(Try it)
The entries below hold a line with "Yourtime Prix d'usine" and a line with "Camiseta Polo Boxy". Return those lines and all that lie between them, exactly and only.
....................
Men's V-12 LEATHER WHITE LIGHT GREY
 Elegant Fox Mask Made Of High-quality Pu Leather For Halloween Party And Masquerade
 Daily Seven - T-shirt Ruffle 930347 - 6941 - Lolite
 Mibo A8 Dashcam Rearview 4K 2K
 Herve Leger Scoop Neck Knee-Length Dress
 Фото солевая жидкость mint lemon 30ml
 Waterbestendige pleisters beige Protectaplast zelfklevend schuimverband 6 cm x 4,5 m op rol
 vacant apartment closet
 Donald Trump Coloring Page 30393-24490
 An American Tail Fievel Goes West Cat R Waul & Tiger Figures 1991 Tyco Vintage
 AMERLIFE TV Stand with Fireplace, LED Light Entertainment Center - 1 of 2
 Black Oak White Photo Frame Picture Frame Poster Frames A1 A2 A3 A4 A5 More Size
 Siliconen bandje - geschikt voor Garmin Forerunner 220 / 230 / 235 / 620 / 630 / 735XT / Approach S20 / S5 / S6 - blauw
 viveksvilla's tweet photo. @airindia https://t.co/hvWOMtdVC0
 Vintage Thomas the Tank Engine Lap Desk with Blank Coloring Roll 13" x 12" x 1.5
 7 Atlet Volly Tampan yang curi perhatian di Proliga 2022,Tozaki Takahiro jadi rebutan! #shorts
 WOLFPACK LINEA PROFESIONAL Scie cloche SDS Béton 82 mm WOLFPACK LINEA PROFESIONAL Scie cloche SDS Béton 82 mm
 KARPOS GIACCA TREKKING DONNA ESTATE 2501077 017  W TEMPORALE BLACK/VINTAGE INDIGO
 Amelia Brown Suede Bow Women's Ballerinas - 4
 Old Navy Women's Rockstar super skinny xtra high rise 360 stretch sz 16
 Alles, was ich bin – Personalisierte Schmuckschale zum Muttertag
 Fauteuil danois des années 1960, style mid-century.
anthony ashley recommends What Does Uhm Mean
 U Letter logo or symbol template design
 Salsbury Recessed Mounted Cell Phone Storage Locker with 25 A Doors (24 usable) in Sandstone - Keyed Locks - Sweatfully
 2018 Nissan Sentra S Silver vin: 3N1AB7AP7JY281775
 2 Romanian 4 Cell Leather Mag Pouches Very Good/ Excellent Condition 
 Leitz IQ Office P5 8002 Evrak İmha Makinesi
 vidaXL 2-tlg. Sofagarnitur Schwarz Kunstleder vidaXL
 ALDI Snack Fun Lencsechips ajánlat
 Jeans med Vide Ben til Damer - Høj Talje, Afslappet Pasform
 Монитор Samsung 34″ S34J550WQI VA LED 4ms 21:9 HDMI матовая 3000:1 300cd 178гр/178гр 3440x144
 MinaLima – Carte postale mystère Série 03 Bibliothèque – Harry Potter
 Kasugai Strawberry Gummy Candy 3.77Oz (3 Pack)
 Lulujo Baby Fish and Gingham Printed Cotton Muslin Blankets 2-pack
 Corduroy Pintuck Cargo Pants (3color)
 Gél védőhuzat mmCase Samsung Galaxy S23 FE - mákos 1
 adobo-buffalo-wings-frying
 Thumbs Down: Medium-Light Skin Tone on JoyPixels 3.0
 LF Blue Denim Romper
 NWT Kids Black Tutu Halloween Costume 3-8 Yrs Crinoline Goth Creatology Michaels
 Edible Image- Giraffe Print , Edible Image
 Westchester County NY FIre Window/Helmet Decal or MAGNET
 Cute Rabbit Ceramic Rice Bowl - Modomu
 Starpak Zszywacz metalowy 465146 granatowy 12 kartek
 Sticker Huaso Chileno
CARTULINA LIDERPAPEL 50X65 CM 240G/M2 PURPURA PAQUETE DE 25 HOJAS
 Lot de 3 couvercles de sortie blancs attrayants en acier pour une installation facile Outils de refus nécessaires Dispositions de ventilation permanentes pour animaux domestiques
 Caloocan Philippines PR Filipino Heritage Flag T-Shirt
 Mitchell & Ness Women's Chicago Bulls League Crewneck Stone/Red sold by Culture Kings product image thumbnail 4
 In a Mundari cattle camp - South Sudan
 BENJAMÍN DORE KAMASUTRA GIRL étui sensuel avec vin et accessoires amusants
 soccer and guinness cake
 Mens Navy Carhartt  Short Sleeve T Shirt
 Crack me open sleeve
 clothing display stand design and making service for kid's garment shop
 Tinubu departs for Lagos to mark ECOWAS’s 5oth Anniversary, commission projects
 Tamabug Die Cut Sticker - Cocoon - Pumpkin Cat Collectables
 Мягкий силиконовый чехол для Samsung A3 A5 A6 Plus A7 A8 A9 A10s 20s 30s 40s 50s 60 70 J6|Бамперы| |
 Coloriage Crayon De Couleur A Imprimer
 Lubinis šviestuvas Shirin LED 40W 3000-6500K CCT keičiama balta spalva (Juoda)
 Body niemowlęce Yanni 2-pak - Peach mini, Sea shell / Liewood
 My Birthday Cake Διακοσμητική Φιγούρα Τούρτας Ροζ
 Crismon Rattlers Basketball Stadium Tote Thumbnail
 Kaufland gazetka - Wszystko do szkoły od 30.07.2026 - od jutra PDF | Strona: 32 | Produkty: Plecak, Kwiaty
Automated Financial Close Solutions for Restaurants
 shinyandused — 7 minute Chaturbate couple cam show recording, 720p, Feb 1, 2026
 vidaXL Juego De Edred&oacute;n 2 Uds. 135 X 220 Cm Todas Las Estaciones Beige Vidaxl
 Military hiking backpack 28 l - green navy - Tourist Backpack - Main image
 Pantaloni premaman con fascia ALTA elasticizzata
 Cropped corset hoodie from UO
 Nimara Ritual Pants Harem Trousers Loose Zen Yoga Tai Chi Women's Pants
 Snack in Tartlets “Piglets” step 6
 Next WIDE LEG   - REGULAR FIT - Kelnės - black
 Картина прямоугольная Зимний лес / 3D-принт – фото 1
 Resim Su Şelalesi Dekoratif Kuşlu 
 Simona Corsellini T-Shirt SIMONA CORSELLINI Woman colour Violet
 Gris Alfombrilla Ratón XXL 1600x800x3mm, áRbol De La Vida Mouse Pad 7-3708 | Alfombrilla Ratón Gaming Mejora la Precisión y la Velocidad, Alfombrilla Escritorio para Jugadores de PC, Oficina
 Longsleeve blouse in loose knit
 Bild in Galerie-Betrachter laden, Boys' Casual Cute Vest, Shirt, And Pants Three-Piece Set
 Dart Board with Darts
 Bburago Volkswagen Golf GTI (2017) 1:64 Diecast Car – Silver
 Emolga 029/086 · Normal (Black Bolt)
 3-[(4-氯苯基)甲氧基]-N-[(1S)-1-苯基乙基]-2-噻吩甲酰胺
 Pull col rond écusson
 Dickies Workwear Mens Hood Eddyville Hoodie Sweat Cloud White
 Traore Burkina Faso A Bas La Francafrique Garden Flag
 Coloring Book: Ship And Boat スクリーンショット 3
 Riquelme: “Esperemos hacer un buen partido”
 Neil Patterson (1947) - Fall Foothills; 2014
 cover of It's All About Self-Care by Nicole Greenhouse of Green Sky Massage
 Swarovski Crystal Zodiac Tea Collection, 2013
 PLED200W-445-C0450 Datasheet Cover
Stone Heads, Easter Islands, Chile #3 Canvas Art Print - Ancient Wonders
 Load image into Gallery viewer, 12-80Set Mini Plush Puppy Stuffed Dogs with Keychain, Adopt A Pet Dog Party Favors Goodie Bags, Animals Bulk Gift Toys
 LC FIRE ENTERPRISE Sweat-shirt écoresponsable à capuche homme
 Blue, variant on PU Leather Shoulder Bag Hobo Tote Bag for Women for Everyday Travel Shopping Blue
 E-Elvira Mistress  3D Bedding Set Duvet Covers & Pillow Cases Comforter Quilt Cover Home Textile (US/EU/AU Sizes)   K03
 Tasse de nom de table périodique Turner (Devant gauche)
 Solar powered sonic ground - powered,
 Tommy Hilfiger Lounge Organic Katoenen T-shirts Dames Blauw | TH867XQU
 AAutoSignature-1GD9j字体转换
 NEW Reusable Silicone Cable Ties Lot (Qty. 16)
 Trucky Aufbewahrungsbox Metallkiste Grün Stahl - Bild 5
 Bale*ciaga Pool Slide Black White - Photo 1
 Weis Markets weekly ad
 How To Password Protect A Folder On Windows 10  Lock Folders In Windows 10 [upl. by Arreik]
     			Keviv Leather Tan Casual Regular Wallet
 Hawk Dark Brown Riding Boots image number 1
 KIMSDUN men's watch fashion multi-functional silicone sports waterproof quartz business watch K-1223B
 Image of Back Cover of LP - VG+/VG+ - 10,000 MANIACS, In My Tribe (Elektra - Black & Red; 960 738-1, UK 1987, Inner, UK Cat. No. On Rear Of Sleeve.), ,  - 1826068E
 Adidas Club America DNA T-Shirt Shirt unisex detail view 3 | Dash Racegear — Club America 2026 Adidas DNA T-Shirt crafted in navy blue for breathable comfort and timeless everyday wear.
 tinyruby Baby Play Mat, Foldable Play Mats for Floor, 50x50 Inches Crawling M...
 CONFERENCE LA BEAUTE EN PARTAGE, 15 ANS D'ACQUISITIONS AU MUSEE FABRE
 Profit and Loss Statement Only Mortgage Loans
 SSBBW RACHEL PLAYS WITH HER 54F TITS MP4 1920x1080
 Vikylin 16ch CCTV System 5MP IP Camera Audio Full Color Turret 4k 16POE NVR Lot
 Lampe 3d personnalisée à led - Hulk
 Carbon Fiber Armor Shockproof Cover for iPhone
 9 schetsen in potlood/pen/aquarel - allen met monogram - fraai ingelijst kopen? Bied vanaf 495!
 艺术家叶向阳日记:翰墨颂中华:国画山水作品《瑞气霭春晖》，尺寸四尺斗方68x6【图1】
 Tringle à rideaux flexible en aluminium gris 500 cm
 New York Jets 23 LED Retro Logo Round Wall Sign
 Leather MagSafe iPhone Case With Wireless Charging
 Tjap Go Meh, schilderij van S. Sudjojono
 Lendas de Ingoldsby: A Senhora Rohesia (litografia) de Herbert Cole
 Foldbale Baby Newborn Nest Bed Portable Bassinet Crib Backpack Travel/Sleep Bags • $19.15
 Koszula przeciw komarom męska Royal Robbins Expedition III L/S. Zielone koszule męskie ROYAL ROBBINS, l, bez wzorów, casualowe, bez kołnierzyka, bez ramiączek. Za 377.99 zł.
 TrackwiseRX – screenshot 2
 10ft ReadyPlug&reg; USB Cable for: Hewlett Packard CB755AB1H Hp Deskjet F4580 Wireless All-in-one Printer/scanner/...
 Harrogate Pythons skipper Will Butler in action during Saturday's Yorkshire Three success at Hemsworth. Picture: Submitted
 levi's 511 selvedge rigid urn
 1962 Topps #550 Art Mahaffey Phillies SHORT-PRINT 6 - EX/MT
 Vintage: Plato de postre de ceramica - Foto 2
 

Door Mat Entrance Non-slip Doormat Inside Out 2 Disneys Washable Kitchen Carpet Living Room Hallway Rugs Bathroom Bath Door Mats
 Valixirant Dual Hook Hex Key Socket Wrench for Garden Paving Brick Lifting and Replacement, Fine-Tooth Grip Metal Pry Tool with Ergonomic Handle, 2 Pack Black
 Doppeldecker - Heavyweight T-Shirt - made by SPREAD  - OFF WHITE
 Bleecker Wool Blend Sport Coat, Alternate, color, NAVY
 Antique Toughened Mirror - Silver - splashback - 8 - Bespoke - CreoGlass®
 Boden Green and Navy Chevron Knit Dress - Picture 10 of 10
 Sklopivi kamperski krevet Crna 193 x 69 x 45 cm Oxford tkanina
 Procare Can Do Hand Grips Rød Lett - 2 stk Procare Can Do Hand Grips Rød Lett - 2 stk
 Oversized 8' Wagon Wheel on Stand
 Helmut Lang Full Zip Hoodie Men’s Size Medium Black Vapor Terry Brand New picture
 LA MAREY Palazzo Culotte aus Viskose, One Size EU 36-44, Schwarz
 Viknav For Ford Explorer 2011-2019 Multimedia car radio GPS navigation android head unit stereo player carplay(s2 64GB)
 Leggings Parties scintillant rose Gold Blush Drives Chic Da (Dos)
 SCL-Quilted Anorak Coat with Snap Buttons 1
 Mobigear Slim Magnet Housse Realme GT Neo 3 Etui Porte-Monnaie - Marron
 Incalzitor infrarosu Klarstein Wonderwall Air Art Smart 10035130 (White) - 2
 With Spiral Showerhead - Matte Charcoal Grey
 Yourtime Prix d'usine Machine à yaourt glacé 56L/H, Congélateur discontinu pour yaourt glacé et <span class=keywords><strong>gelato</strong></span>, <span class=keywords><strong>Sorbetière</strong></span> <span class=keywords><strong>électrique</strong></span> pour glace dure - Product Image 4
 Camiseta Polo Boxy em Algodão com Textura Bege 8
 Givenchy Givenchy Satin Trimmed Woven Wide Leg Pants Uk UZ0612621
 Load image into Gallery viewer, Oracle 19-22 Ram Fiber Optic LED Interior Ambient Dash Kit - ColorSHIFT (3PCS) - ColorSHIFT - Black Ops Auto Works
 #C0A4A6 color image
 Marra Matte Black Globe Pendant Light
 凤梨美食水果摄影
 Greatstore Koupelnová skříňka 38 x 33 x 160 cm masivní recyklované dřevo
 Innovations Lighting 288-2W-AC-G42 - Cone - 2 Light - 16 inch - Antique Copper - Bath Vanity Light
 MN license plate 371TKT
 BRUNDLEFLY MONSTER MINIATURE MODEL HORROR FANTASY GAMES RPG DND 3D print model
....................
(Answer to this task)
 Yourtime Prix d'usine Machine à yaourt glacé 56L/H, Congélateur discontinu pour yaourt glacé et <span class=keywords><strong>gelato</strong></span>, <span class=keywords><strong>Sorbetière</strong></span> <span class=keywords><strong>électrique</strong></span> pour glace dure - Product Image 4
 Camiseta Polo Boxy em Algodão com Textura Bege 8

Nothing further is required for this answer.